TASK INSTRUCTIONS: All lines from the one with "掌盘配资 伊朗代表再次抵达巴基斯坦" through the final line of the records below must be written out exactly, with no other text.

=== DATASET EXTRACT ===

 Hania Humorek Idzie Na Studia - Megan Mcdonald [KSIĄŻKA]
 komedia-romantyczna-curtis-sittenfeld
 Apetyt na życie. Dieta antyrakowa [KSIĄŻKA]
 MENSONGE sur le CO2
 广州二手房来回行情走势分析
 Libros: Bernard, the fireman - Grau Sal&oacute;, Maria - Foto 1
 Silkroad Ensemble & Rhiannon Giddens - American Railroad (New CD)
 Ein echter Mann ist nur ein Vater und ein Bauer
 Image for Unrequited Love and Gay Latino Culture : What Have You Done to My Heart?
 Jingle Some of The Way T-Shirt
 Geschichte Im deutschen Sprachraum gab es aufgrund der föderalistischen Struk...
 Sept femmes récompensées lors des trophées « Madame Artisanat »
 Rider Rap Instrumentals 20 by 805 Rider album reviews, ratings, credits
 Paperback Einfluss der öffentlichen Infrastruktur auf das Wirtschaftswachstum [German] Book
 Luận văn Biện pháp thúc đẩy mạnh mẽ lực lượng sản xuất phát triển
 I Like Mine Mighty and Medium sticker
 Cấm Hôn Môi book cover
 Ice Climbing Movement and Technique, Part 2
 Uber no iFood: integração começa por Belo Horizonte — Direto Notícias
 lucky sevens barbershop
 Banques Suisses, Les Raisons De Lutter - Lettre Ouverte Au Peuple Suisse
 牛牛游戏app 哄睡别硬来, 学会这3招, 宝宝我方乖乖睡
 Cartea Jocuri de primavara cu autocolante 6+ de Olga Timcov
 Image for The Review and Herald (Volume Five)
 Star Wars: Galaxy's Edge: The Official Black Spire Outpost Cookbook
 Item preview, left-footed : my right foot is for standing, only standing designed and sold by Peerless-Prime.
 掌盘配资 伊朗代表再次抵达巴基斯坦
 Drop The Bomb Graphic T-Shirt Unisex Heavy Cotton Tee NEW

===

COMPLETED TASK:
 掌盘配资 伊朗代表再次抵达巴基斯坦
 Drop The Bomb Graphic T-Shirt Unisex Heavy Cotton Tee NEW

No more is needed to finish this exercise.